En commençant par les sons clean, on constate que l’absence de split n’est pas réellement un souci. Le Seymour Duncan double format simple en manche est assez subtil pour ne pas casser la baraque comme pourrait le faire un Hot Rails beaucoup plus puissant et extrême dans son niveau de sortie. Le micro chevalet EVH américain s’en sort très bien aussi, sans saturer le son tout en gardant un beau clean. La position intermédiaire est flatteuse tout comme le micro manche en solo blues, avec un beau rebondit et une compression très agréable. Même si ce n’est pas son postulat de départ, cette Charvel délivre de belles prestations en son clair. Le sustain est présent dès le jeu en clean et vient confirmer une belle résonance acoustique de l’instrument constatée dès sa prise en main.

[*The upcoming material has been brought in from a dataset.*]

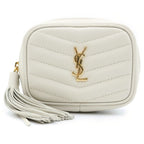 Saint Laurent Baby Lou Plate Logo Chain Shoulder Bag White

Les crunch sont beaux, très rock et rentre dedans. Baisser le potard de volume de la guitare révèle toute la dynamique ainsi que de belles nuances, surtout avec un micro manche que l’on n’attendait pas dans ce secteur sonore. C’est un peu classique avec les instruments typés 80's, on peut jouer à peu près tout avec ces guitares. Les guitares modernes avec des micros actifs qui envoient des micro-ondes spatio-temporelles sont un peu trop droites pour le boomer de testeur que je suis. On peut donc même jouer aux doigts avec la Super Stock, et c’est heureux. Mais c’est sans compter sur une sauvagerie qui dort tranquillement, attendant le moment de la grosse distorsion…

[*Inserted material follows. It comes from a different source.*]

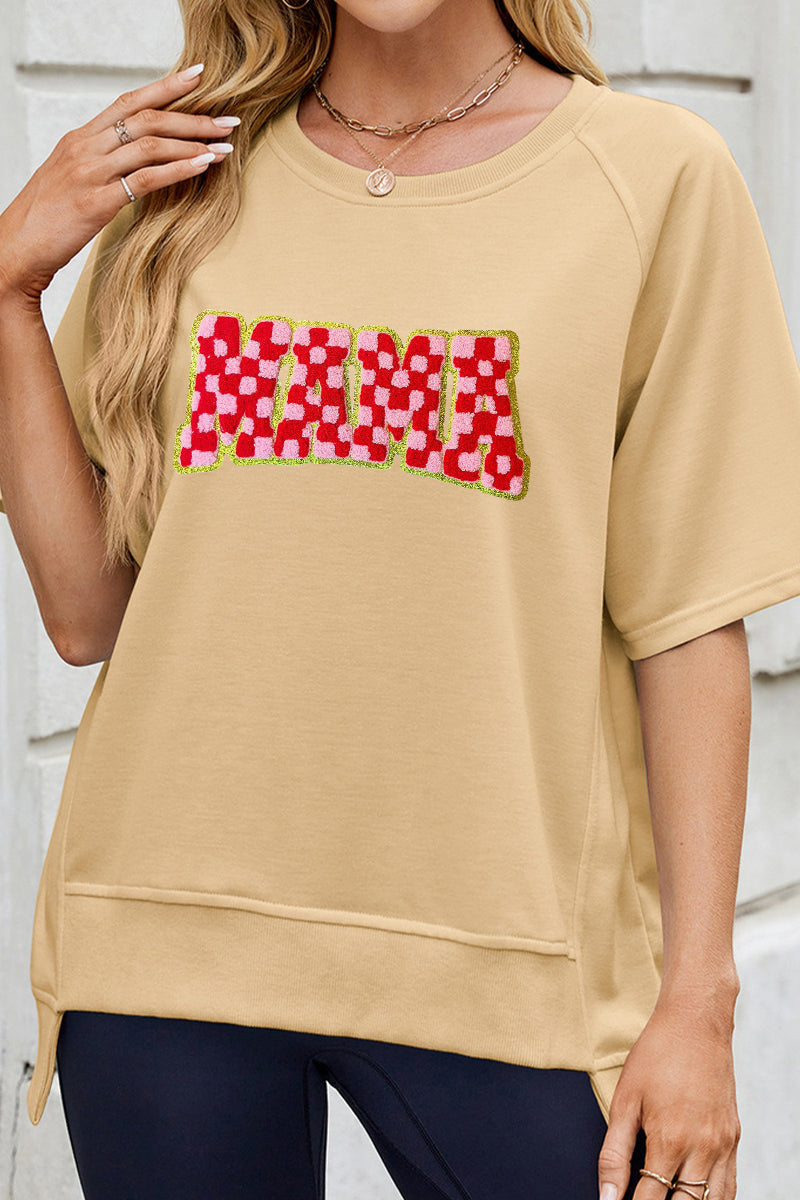 Retro Checkered Mama Graphic Tee Mother's Day Gift Top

Et ce moment est arrivé ! Le Marshall boosté en input par une TS9 est fort bien mis en valeur par la guitare et on se prend au jeu du heavy metal. En rythmique, tout est là et ce micro EVH en chevalet est décidément excellent. Super polyvalent, il ouvre tous les rocks. La superbe définition est secondée par un surcroît de brillance dans l’attaque qui perce très légèrement en tremolo picking, un régal. Le micro manche quant à lui confirme l’essai avec des sonorités à mi-chemin entre un double bobinage et un simple très énervé, ce qui est logique au vu du format : un micro double format simple continue de ne capter qu’une portion de cordes de micro simple ! Le sweeping est un délice en lead, changer de positions est un jeu grisant qui place cette Super Stock au rayon des excellentes guitares. La tenue d’accord est incorruptible, les harmoniques modulées au Floyd rappellent inévitablement le grand Eddie qui n’aurait pas renié de claquer un petit solo enflammé sur cette Charvel…
Même si le relicage reste un débat subjectif, on est obligés de signaler un confort de manche excellent dû au ponçage du dos de ce dernier. Une patine certes simulée, mais qui rend les démanchés agréables et fluides, un vrai bon point en faveur de cette finition. Le vernis de la caisse rend aussi le contact confortable, le vernis étant satiné, en cas de transpiration pendant un jeu énergique, il n’y aura donc pas de sensation collante pour l’avant-bras droit.
- clean00:58
- crunch01:46
- heavy01:17
- jeuavecbacking05:10
- lead01:56
Super Stock, mais limité…
Autant de beaux superlatifs pour une guitare en édition limitée, il n’y en aura pas pour tout le monde. Mais cet instrument peut totalement être une guitare « of a lifetime », tant elle est fiable et musicale. Elle respire le heavy, le rock et le metal 80's, capable même de jouer du bon vieux thrash américain à l’ancienne. Les prestations sont superbes et le seul point négatif reste un relicage réussi partout, sauf sur la caisse. Néanmoins cela doit vous encourager à la jouer pour lui infliger votre propre relicage de jeu, bien plus réaliste que celui proposé. Une guitare superbe, pas simple à trouver, mais qui vaut sérieusement le coup. Prix : environ 1250€.